#### [DESCRIPTION OF THE TASK]
Output all records exactly, with no images.

-------- RECORDS PROVIDED --------

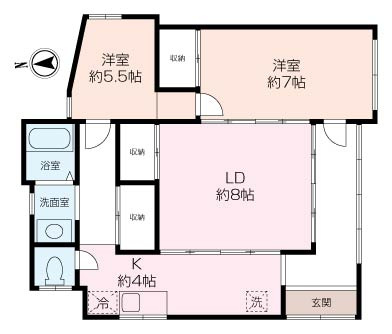 船越町戸建の画像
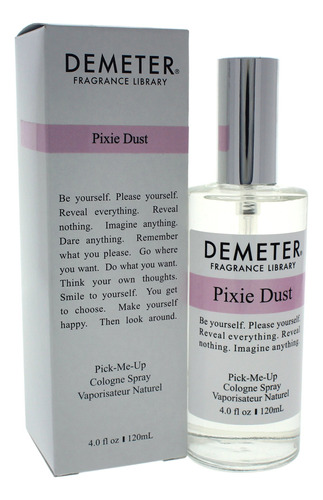 Perfume Demeter Pixie Dust Para Mulheres 120ml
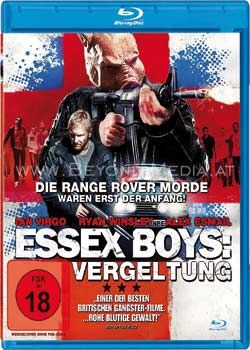Essex Boys: Vergeltung (BLURAY)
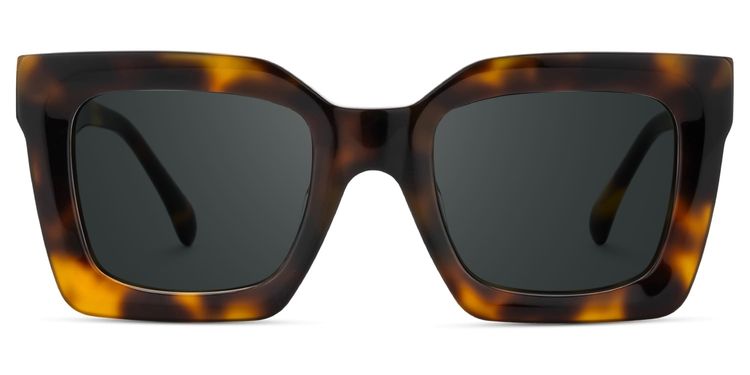 Goldring Square Tortoise Glasses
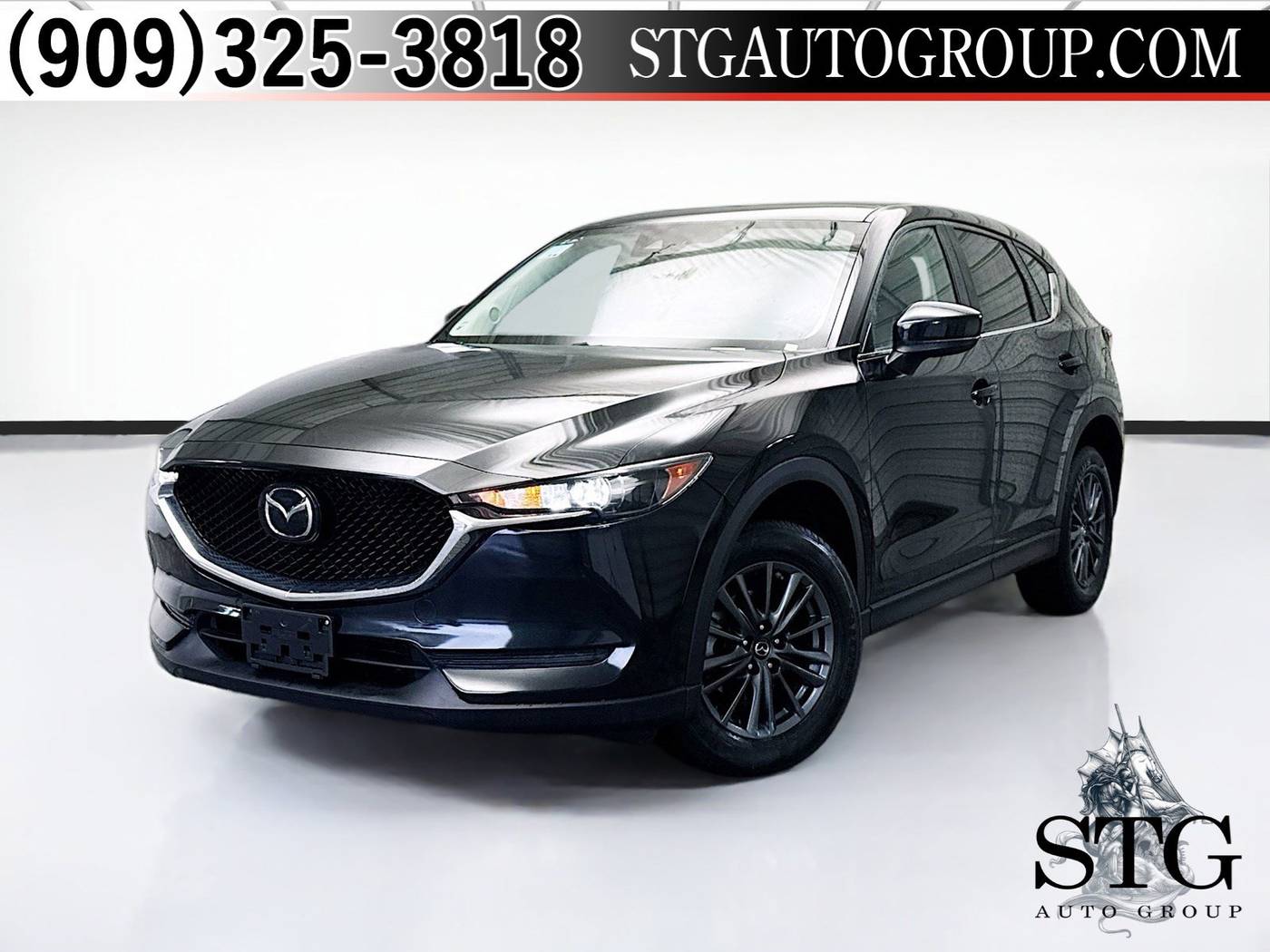 2020 Mazda CX-5 Touring — SUV — 77,566 mi — Montclair, CA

--------

#### [ANSWER SECTION]
 船越町戸建の画像
 Perfume Demeter Pixie Dust Para Mulheres 120ml
Essex Boys: Vergeltung (BLURAY)
 Goldring Square Tortoise Glasses
 2020 Mazda CX-5 Touring — SUV — 77,566 mi — Montclair, CA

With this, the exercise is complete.